"Every picture tells a story" is a lesson the media learned a long time ago. Now, in the age of new media, amateur video footage comes with a string of narratives loaded with political intent.

Nowhere has that been more true than in Syria, where forces fighting the regime of President Bashar al-Assad have wielded video cameras wherever their comrades have aimed their guns. But judging by footage filmed by the rebels themselves showing their own acts of torture, executions and now cannibalism, it seems that the power of the media may have gone to their heads.
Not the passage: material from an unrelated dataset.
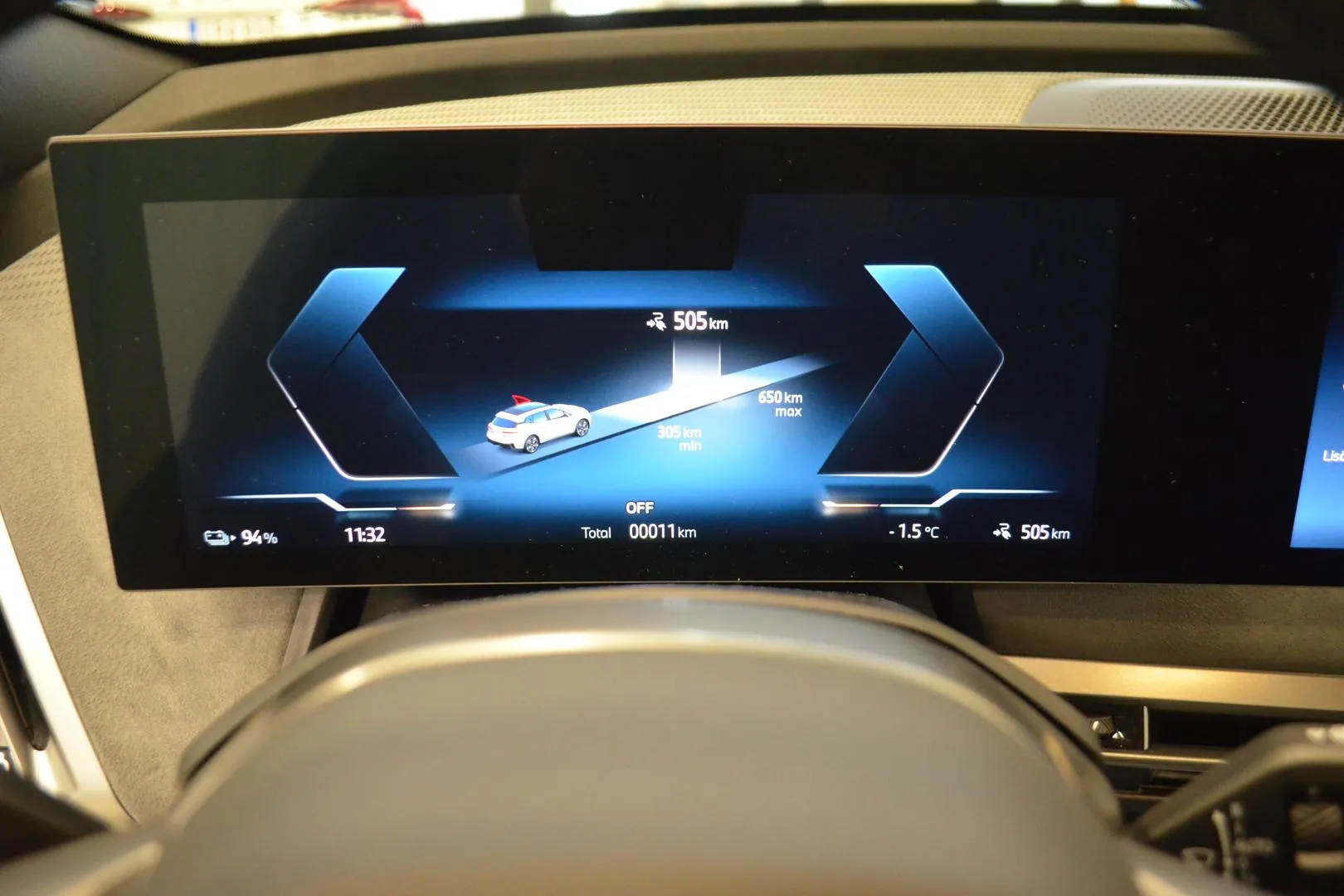 BMW iX JON-994 carousel image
The online battle has also heated up. Over the past weeks, the Syrian Electronic Army has been more active than ever in hacking mainstream media outlets who they say have misled the world with anti-Assad propaganda. The BBC, the Associated Press, the Guardian and, most recently, the Financial Times have all been hit with embarrassing takedowns – often through their Twitter feeds.

The News Divide this week takes a fresh look Syria through the increasingly complex war of images and representations. We speak to Jillian C York of the Electronic Frontier Foundation; Dina Matar, senior lecturer in Arab Media and Political Communication at the School of Oriental and African Studies in London; Syrian journalist Malek al-Abdeh and the Syrian political consultant and commentator, George Ajjan.
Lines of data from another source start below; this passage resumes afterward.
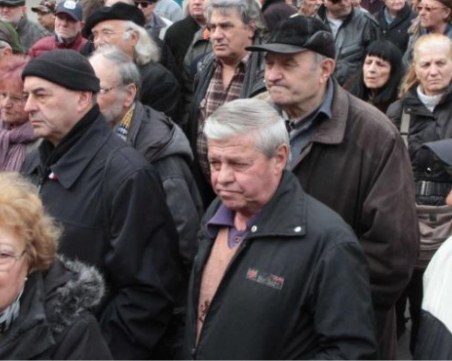 Минималната пенсия става 219 лева от юли, има още промени!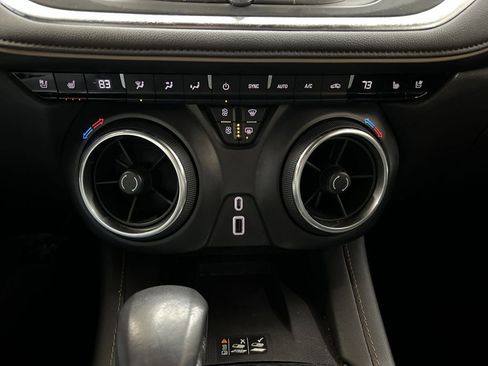 Used 2019 Chevrolet Blazer Premier w/ Sun and Wheels Package image 11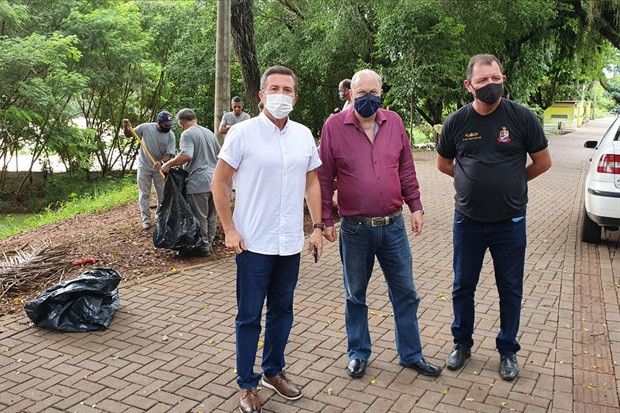 Parlamentar também pede reparo nos sanitários existentes na orla da Rua do Porto, na avenida Alidor Pecorari.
From images we turn to words. Our feature takes a look at how controversial language can shape the way we see a story. Can words like "illegal immigrant", "terrorist" and "Islamist" be weapons in a war of ideas? Media style guides under scrutiny with the Listening Post’s Marcela Pizzaro.

Also in media news: more revelations of US government surveillance of journalists and their sources; the increasingly severe media lockdown in the run up to Iran’s presidential election and Rob Ford, a divisive figure in Canadian politics, whose political future hangs on the outcome of a crowdfunding initiative that could expose him as a drug user.

In our web video of the week, YoutTube gives itself a hug for its eighth birthday. It’s a love song to a website that has become as much a part of our lives as, well, TV. How did the years fly by like that?

Listening Post can be seen each week at the following times GMT: Saturday: 0830, 1930; Sunday: 1430; Monday: 0430.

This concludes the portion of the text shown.